- **Task**: In the entries that follow, repeat exactly the lines from the one that has "facupietro's tweet photo." through the one that has "O Comitê Gestor", but omit pictures.

- **Material supplied**:
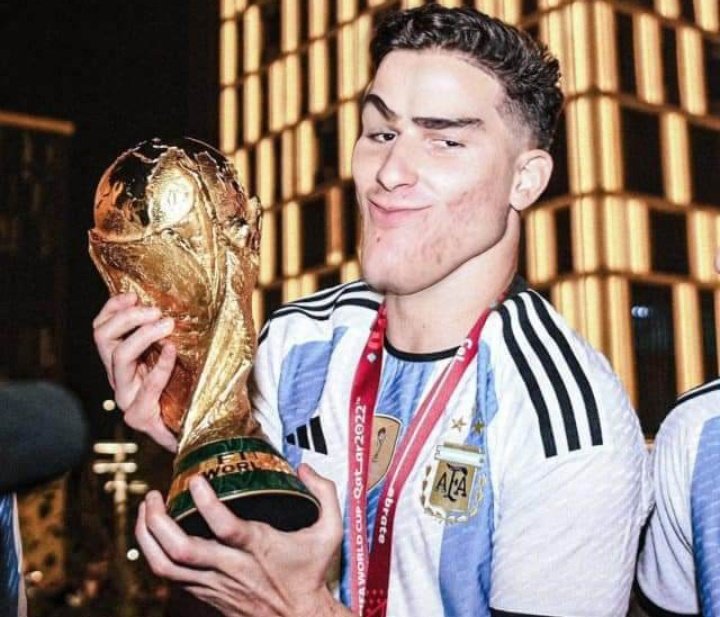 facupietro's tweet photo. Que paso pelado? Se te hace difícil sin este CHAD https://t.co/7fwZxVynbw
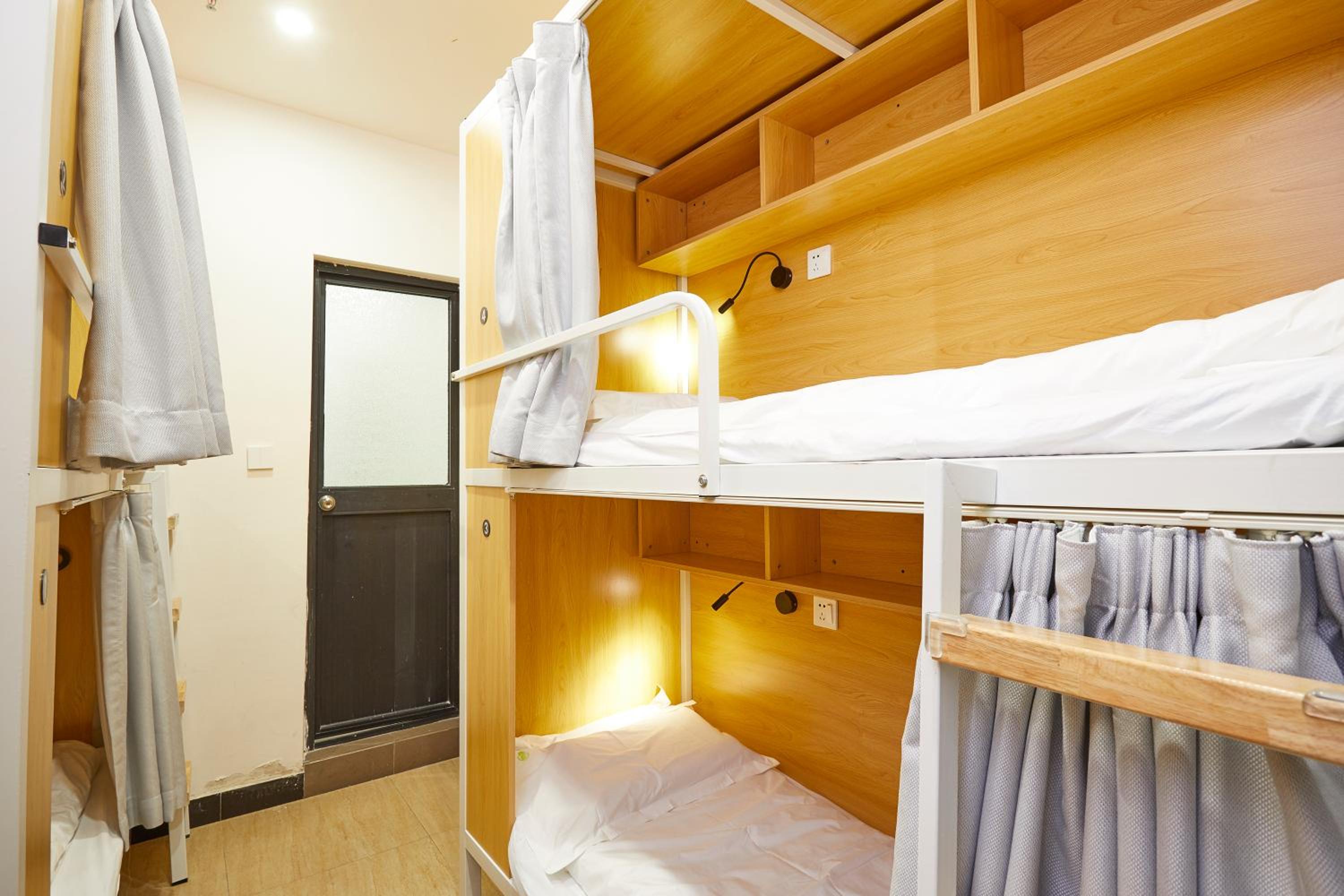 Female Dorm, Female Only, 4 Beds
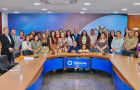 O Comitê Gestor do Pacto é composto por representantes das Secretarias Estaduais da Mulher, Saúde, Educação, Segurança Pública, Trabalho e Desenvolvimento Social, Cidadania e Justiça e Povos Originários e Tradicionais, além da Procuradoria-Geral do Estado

--

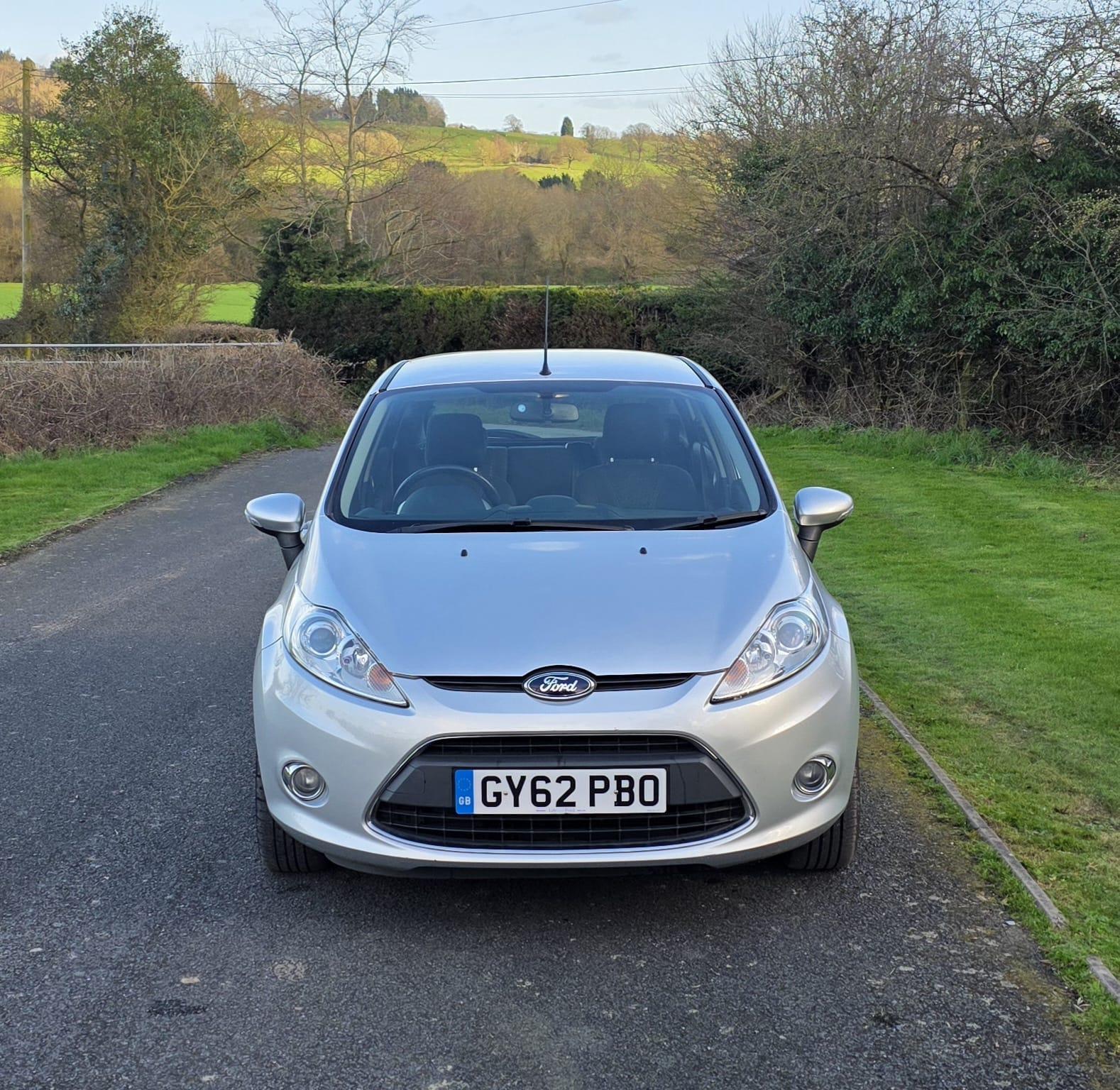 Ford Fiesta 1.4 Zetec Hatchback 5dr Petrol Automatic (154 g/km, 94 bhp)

* * *

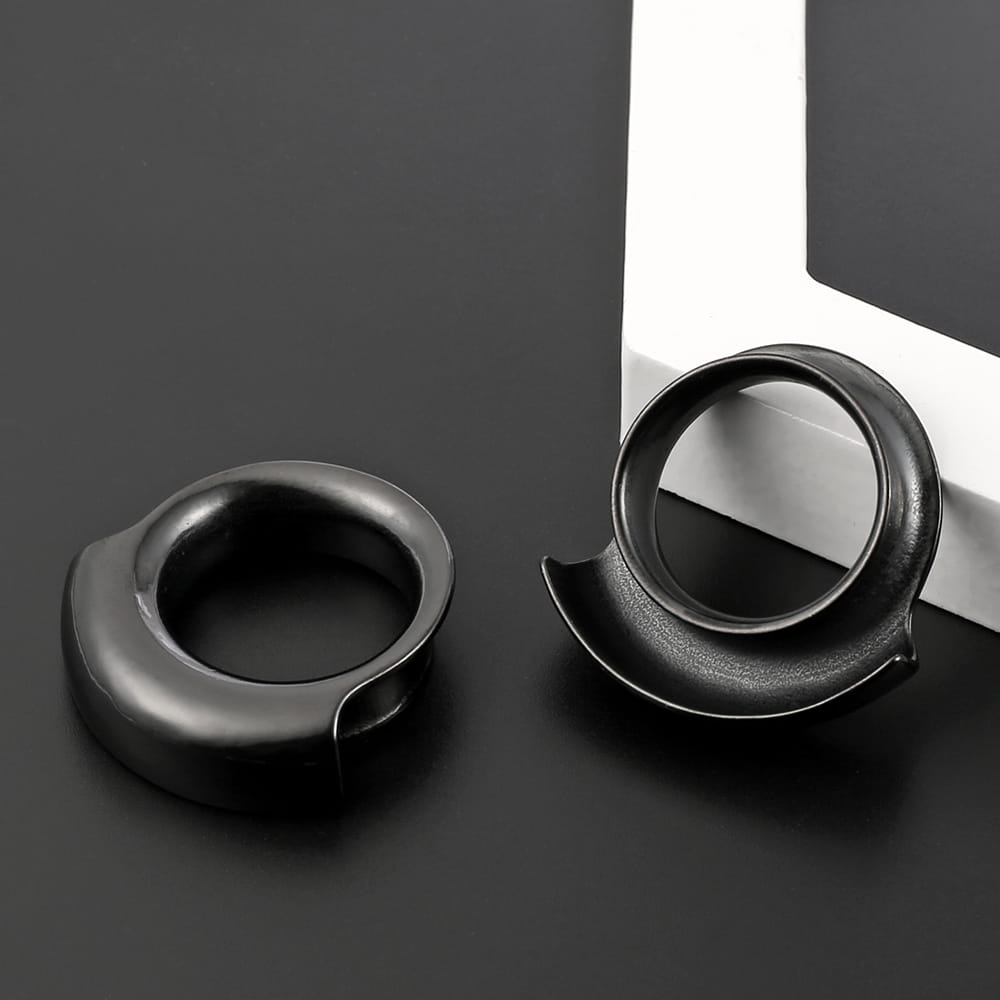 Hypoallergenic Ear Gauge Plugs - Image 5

- **Result for this task**:
 facupietro's tweet photo. Que paso pelado? Se te hace difícil sin este CHAD https://t.co/7fwZxVynbw
 Female Dorm, Female Only, 4 Beds
 O Comitê Gestor do Pacto é composto por representantes das Secretarias Estaduais da Mulher, Saúde, Educação, Segurança Pública, Trabalho e Desenvolvimento Social, Cidadania e Justiça e Povos Originários e Tradicionais, além da Procuradoria-Geral do Estado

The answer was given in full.